Dataset section ▸
--- START ---

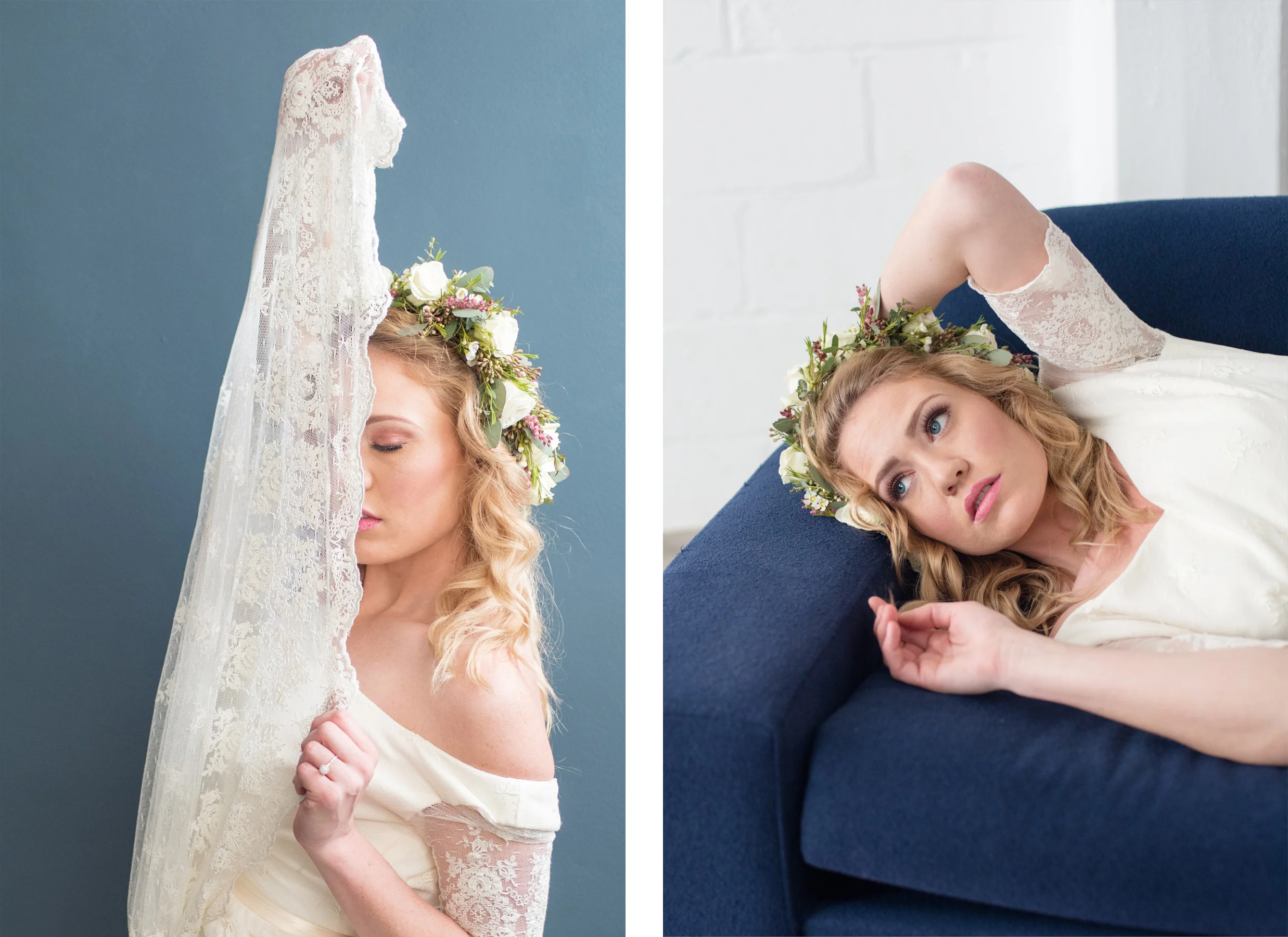 StyledShoot_015_16.jpg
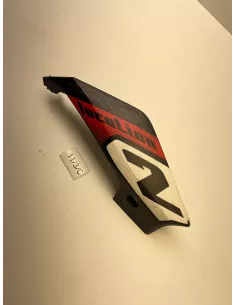 Flanc de selle droit origine YAMAHA MT 09 2014 - 2016 2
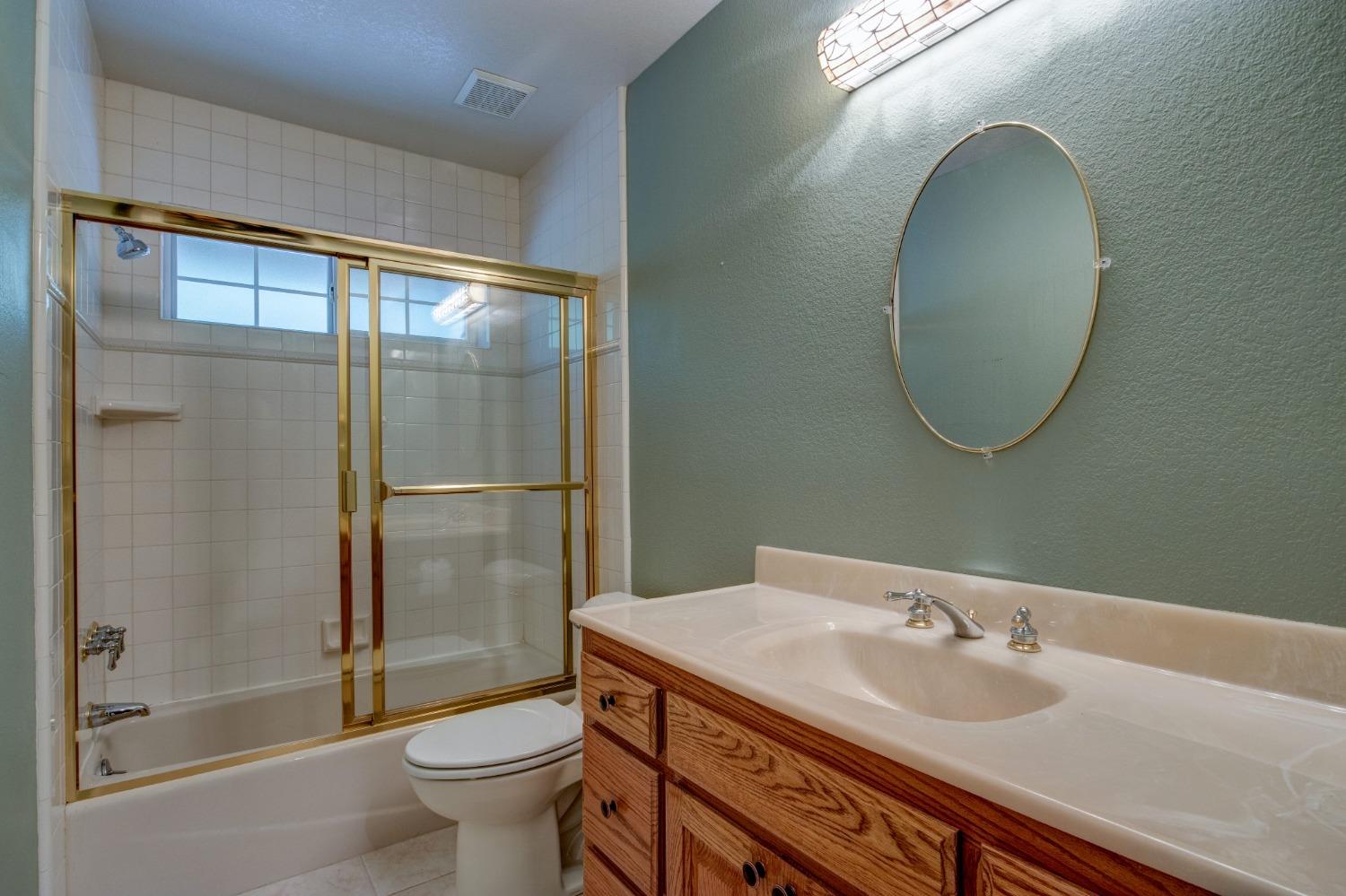Detail Gallery Image 38 of 97 For 6909 Flat Creek Rd, Somerset,  CA 95684 - 3 Beds | 2/1 Baths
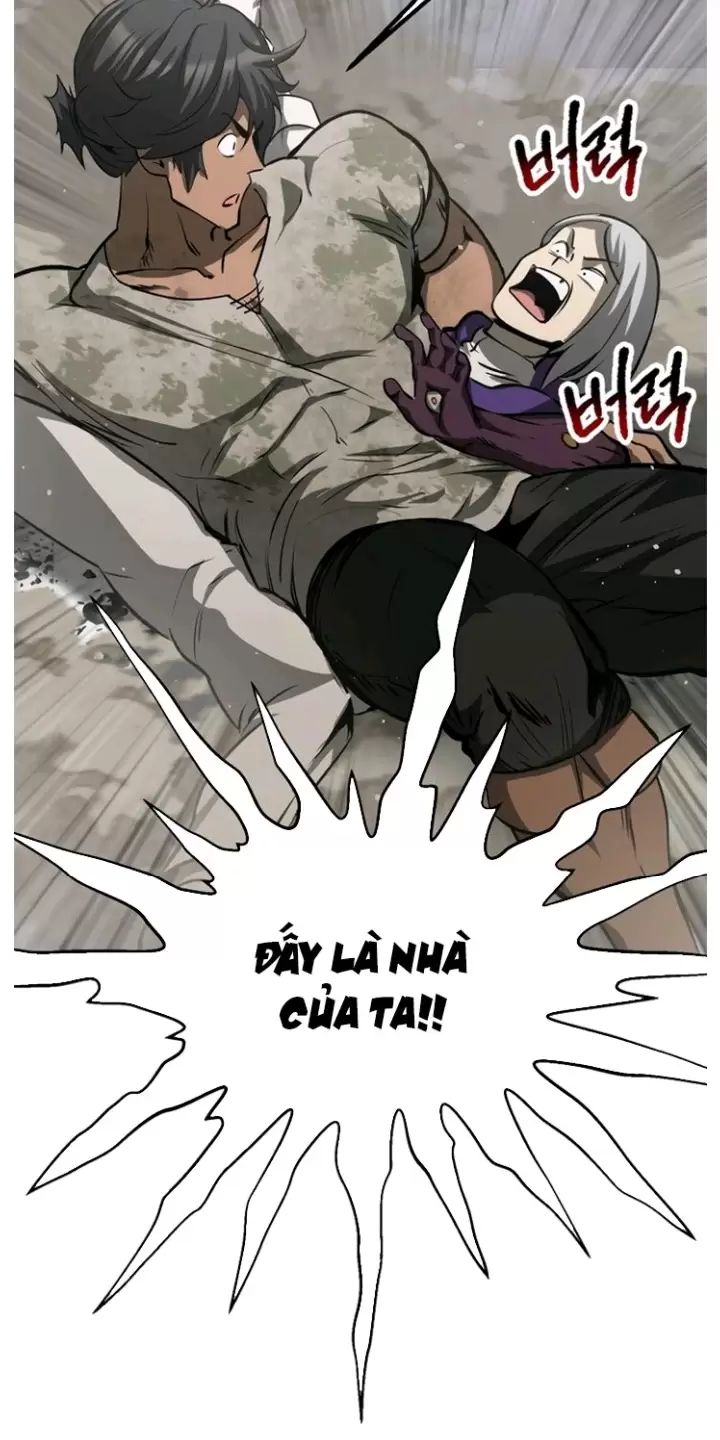 Anh Hùng Mạnh Nhất? Ta Không Làm Lâu Rồi! Chapter  195 - 73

--- END ---

Exercise details ▸ In your output, include only the lines from the line containing "Flanc de selle" through the last line of the material above, exactly as they appear, and leave out the pictures.

Task output ▸
 Flanc de selle droit origine YAMAHA MT 09 2014 - 2016 2
Detail Gallery Image 38 of 97 For 6909 Flat Creek Rd, Somerset,  CA 95684 - 3 Beds | 2/1 Baths
 Anh Hùng Mạnh Nhất? Ta Không Làm Lâu Rồi! Chapter  195 - 73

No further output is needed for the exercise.